Goal of the exercise:
With the pictures removed, retype the lines from the one holding "Camera de supraveghere" through the end of the records, exactly as written.

● ● ● ● ●

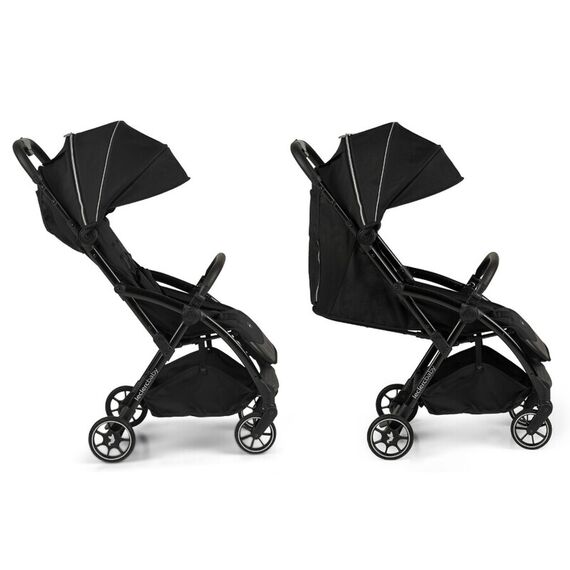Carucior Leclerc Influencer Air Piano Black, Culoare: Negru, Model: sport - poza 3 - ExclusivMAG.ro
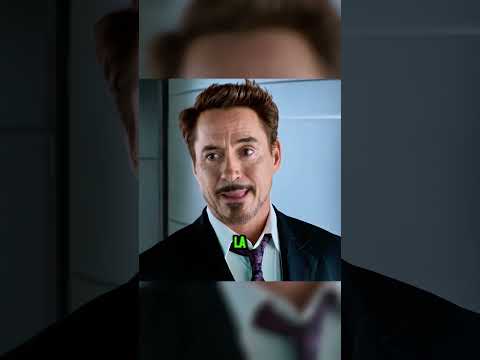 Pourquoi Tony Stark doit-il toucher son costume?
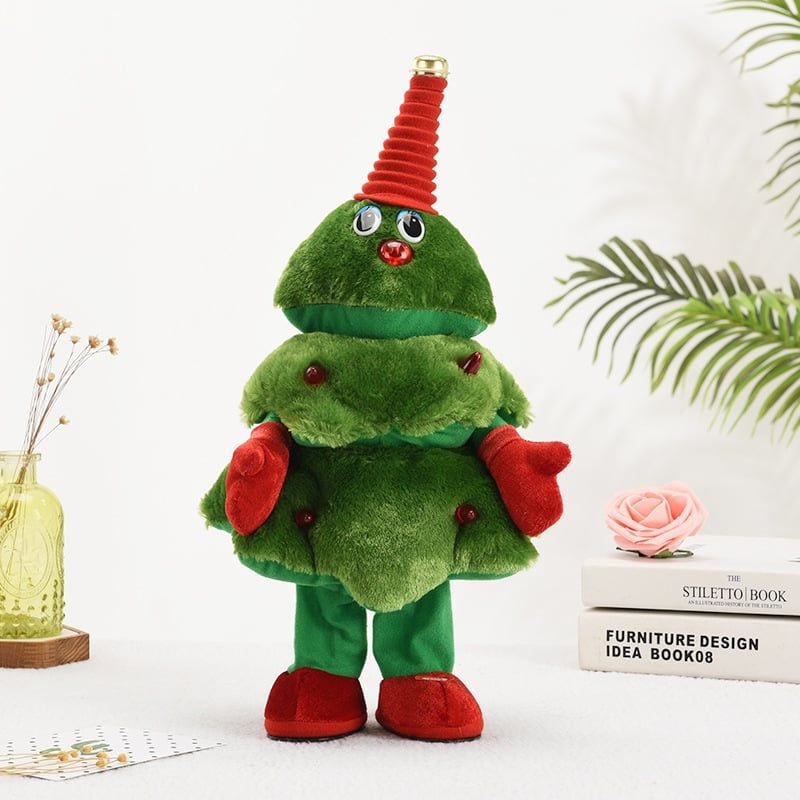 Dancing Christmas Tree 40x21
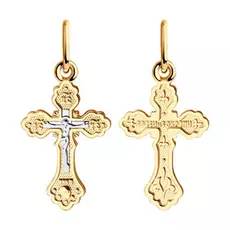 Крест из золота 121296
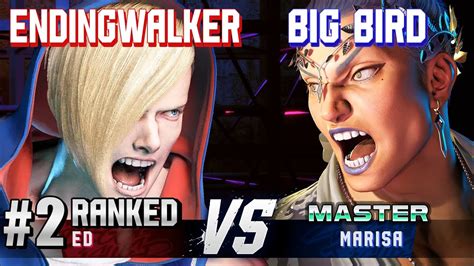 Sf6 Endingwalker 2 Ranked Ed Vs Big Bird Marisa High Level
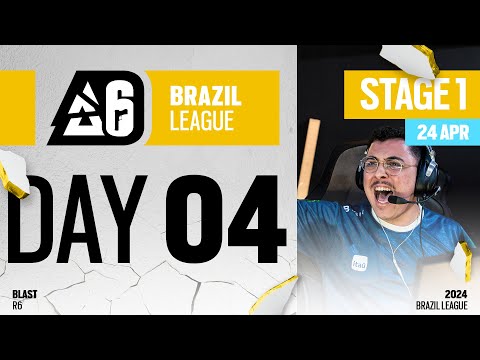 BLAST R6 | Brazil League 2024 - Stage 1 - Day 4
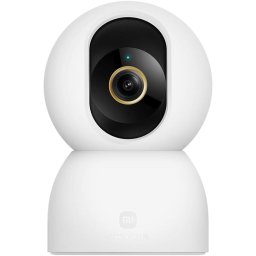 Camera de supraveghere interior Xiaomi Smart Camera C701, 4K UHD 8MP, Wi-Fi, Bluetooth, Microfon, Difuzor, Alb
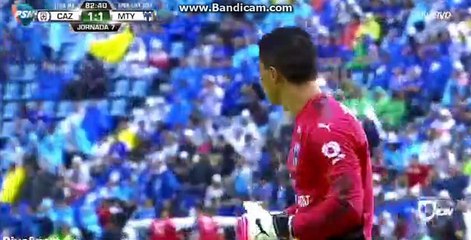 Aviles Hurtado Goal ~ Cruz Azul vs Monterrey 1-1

● ● ● ● ●

Solution below:
 Camera de supraveghere interior Xiaomi Smart Camera C701, 4K UHD 8MP, Wi-Fi, Bluetooth, Microfon, Difuzor, Alb
 Aviles Hurtado Goal ~ Cruz Azul vs Monterrey 1-1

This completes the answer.